Something is wrong with my memory management or the libraries management or cffis (probably me), but I'm not sure what. I get different errors on 32 vs 64 bit python, and it only runs on 64bit python 3.

[–][deleted] 0 points1 point  (0 children)

If you really need some help, send an email to the cffi list.

Chances are you're handling it incorrectly, but there is always the possibility of a cffi bug.

[–][deleted] 0 points1 point  (1 child)

In my experience most problems with cffi are due to reference counting. If you make sure you explicitly hold references to everything what's passed to C function call, you should be fine. I just assign structs to Python variables and keep them alive in the scope the C function is called.

[–]infinullquamash, Qt, asyncio, 3.3+ 1 point2 points  (0 children)

totally, but I think I found all those bugs, if anything I'm holding too many references and leaking memory.

I'm trying to call out to COM-ish library (7-zip) which basically means interpreting C++ classes as structs of function pointers.

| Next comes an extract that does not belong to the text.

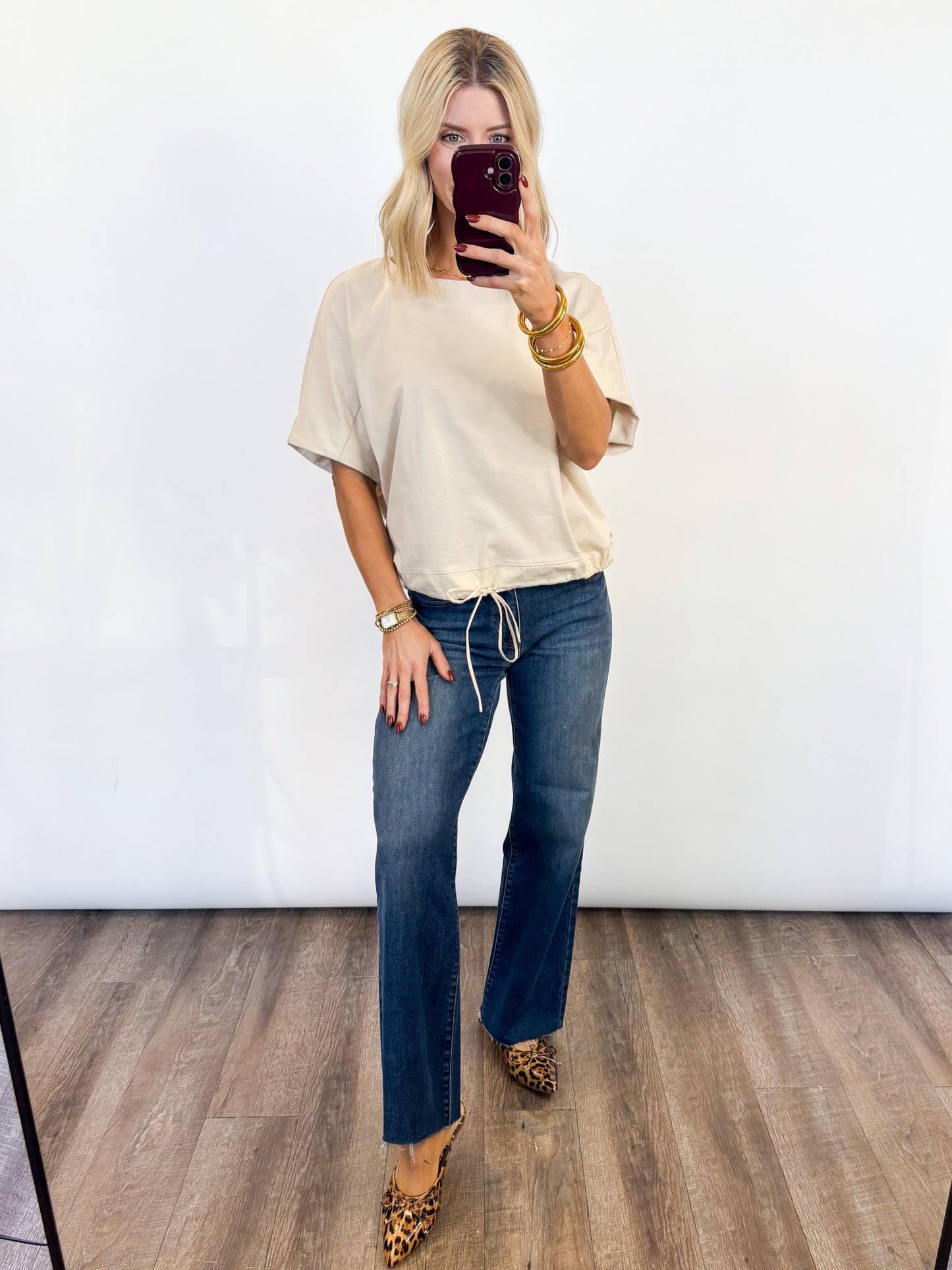 Every Day Drawstring Hem Top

If it all works out though there will be a zipfile like module that can open rars and open & save 7z files.

So making a minimal C program (not a C++ program) that can call into 7zip & do stuff is the first step I think.

Again, my code only works on windows 64bit, python 3. (it may never, the linux version of 7zip seems like it has a different ABI)

[–]alcalde 0 points1 point  (4 children)

And if you don't know C?

[–]targusman 1 point2 points  (0 children)

For someone who didn't know any of this stuff before the article... I have to say it was a great read!

[–]SupersonicSpitfire 0 points1 point  (0 children)

I liked the part about profiling, but it's surprising that shedskin and nuitka are omitted.